The solution to the imminent and watery Tragedy of the Commons represented by whale-harvesting and out of control fishing is similar to the problem solved by nineteenth century cattlemen by the imperfect means of branding, and eventually by the invention of barbed wire. It is one of recognising and legally protecting the property right in these animals.
    And no, it’s not easy to protect property rights in big fish, but then there was a time when it wasn’t easy to protect property rights in cattle either, particularly on America’s great plains.  But that was before barbed wire.
    Branding and barbed wire were inventions that allowed the cattlemen to identify "their cattle" and to ask the law for its protection for them. The solution for those who wish to protect "their whales" is essentially the same  -- a technological advance that allows them to identify to themselves and others which whales are theirs, and which therefore have the full protection of law.
    Electronic branding? GPS-power 'barbed wire'? I don't know. The cattlemen embraced the new technology of barbed wire to legally protect their herds (read about it
here); whale watchers [and fishermen] might consider devising a similary moron-proof technology to allow legal protection to be afforded to their migrating 'pods.'  If they want legal protection then frankly the technology of demonstrating “their” marine life is up to them; but if they can produce something, then the law should by rights recognise and protect their property.

That was a few years ago when I wrote that.

Since then, things have changed. A lot.

Did you know the world now produces more farmed fish than beef? And that, says the latest National Geographic magazine, “is just the beginning”!

Consider, nearly half of all commercially caught  fish are now farmed, rather than wild, mostly in Asia.

That’s a change that’s happened in just the last ten years.

The “green revolution” of the seventeenth and eighteenth centuries was ignited by long-overdue recognition of property rights in land. The explosion of production set off a continuing explosion of population and productivity that still hasn’t ceased.

It now looks as if a new “blue revolution” is taking off before our eyes.

Exciting times.

3 comments:

Steve said...

So what is your free market solution to remove all the mercury from these fish? What is your free market solution to prevent anti biotic abuse and farmed fish virus decimating wild stocks?

Greig McGill said...

@Steve What's your force-based solution to these same issues? Not everything *has* a current solution. That doesn't negate progress or invalidate the argument.
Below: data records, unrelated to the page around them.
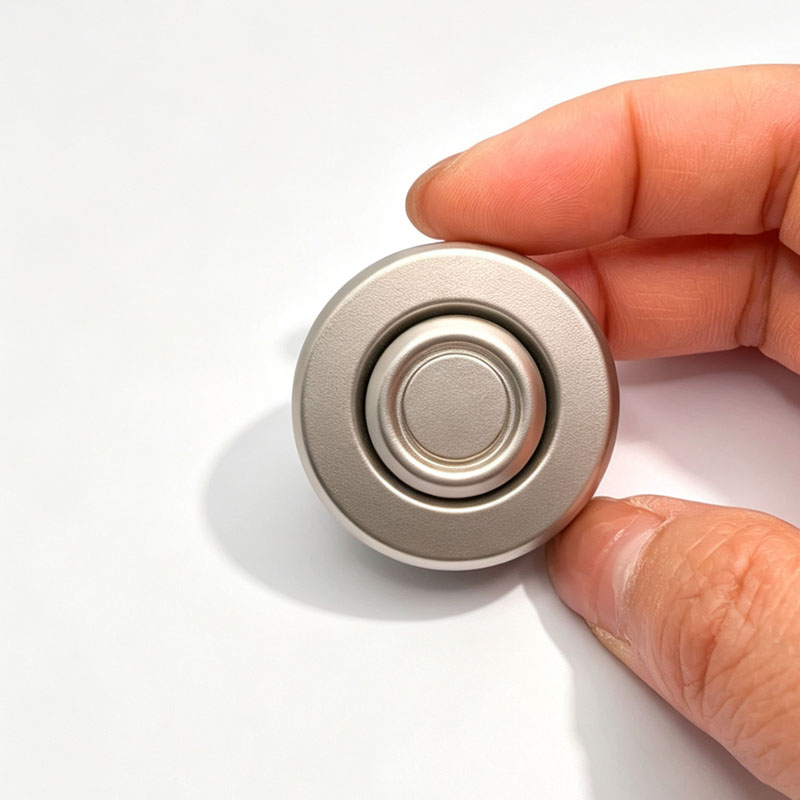 NOUVEAU Fidget Spinner UFO en  - Cool Office Tech Gadgets avis et prix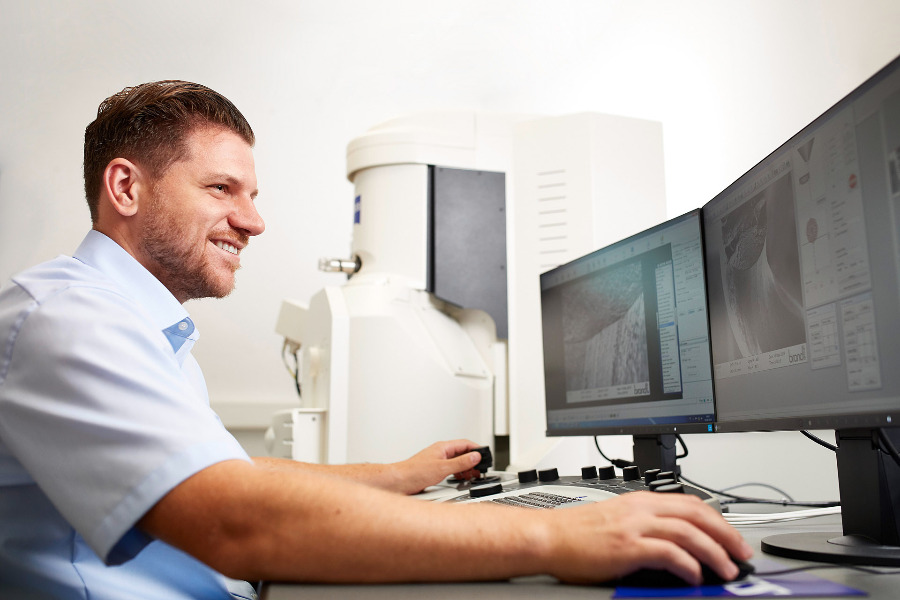 Intelligente Technik (Rasterelektronenmikroskop) Intelligente Technik (Rasterelektronenmikroskop)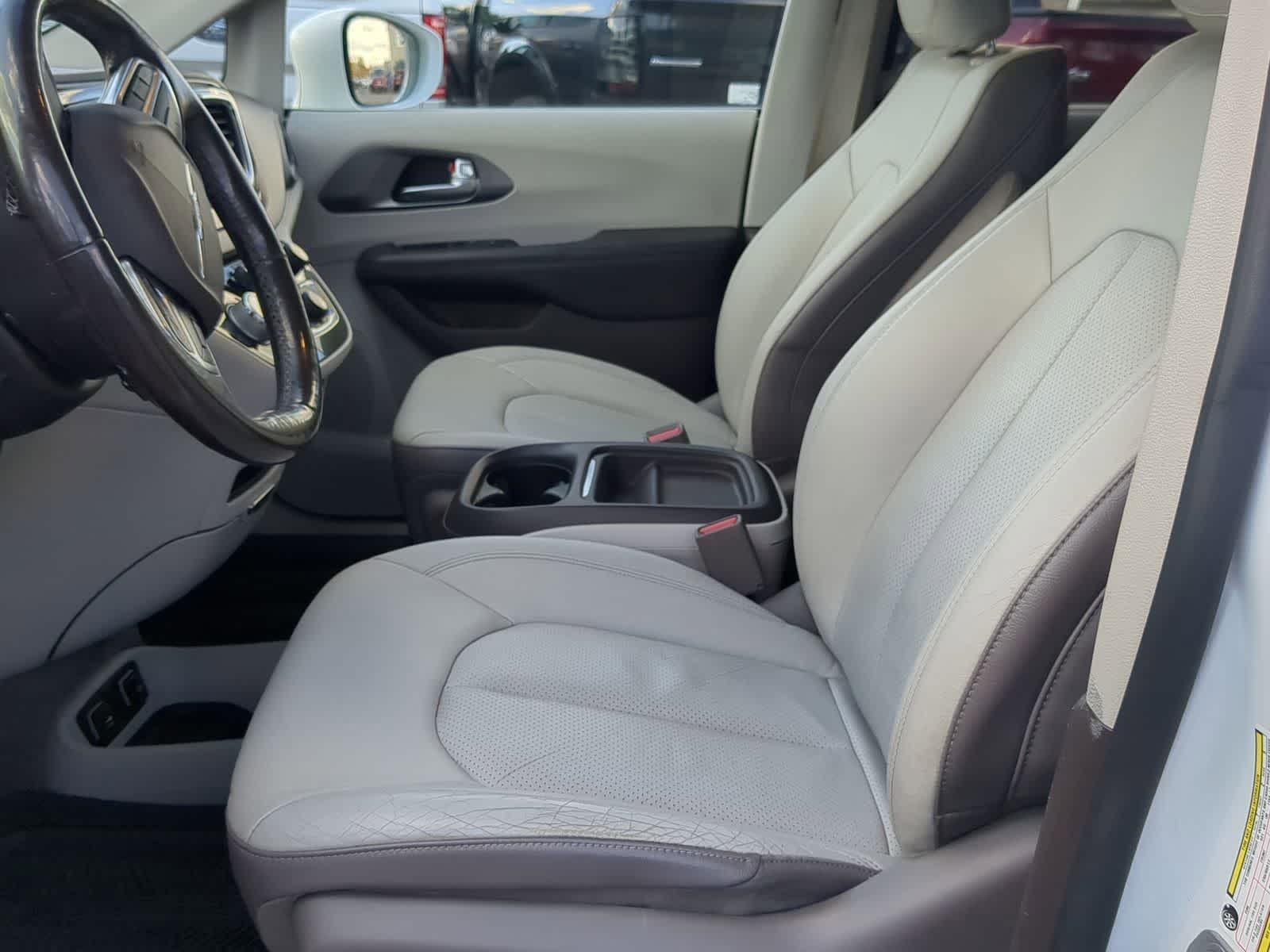 Thumbnail: 2019 Chrysler Pacifica - 19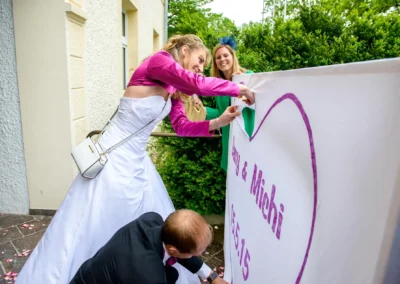Brautpaar schneidet Herz in Tuch bei Hochzeit in Schleissheim, Teil der Hochzeitsreportage bei Standesamt Trauung.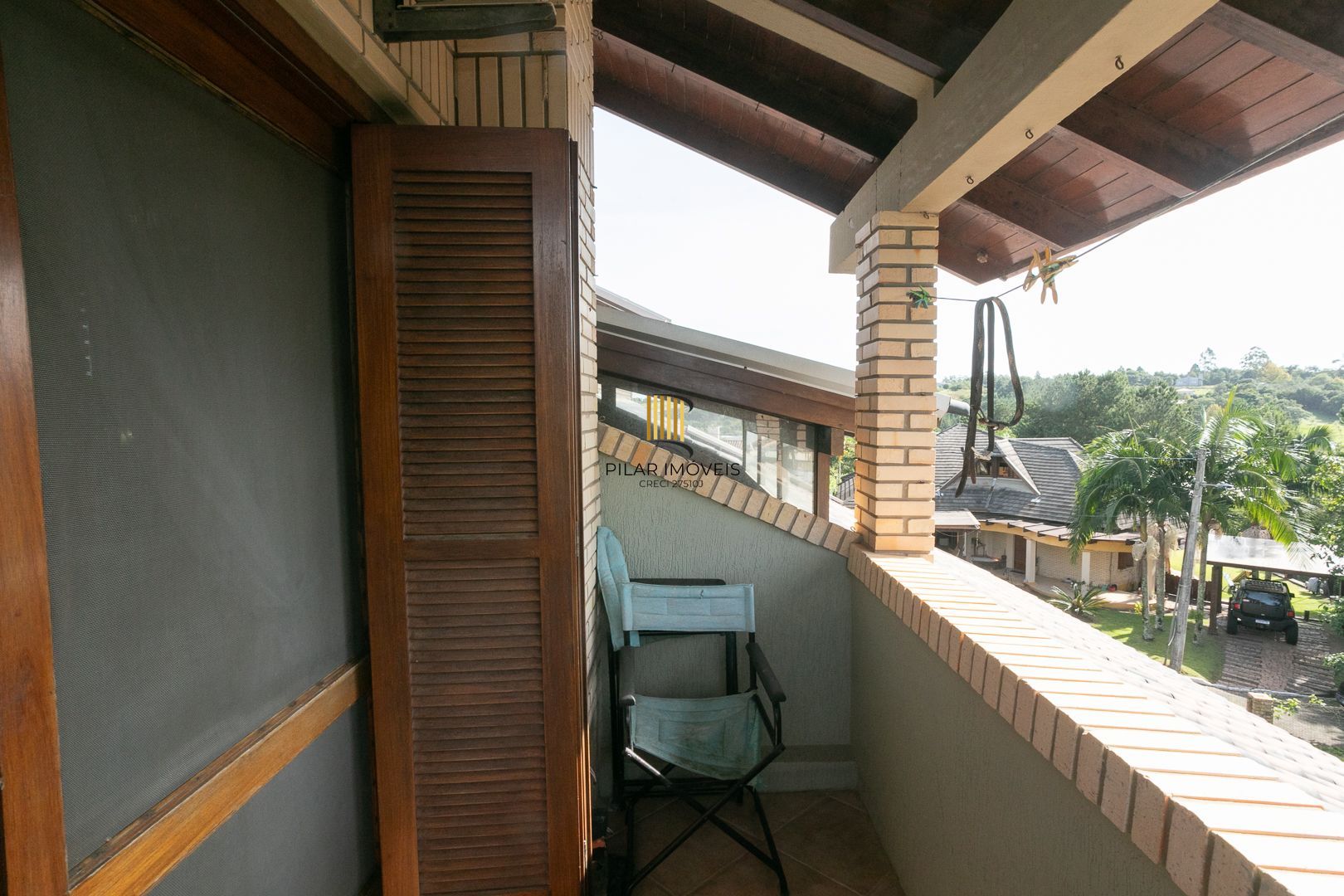 Casa mobiliada em condomínio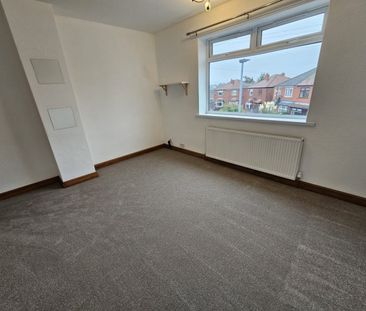 2 bed Semi-Detached - To Let - Photo 5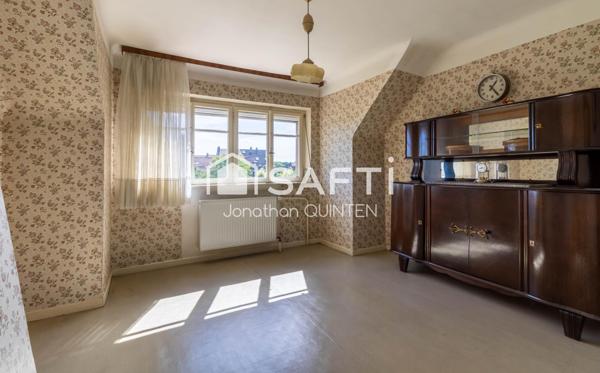 Le calme d’une impasse pour une grande maison familiale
For example, I'd argue that government hasn't meaningfully "solved" any real problems ever. Yet voters never seem to demand a 100% guaranteed solution every time some hare brained piece of legislation is mooted as a "solution" (usually around election time) so why do you accept one imperfect system while abusing another which could at least be tried? I'm also leaving out that perhaps the free market will solve the problem you state above. Don't take my lack of thought on this issue at 7:30am after a bad night's sleep as suggesting the issue is insoluble. :)

There is no utopia. Anyone who claims there is, libertarian or otherwise, is selling snake oil. No need to sneer at something because the answer to one issue you foresee with it isn't immediately apparent.

Anonymous said...

Steve

Respect of property rights solves the issues you raised.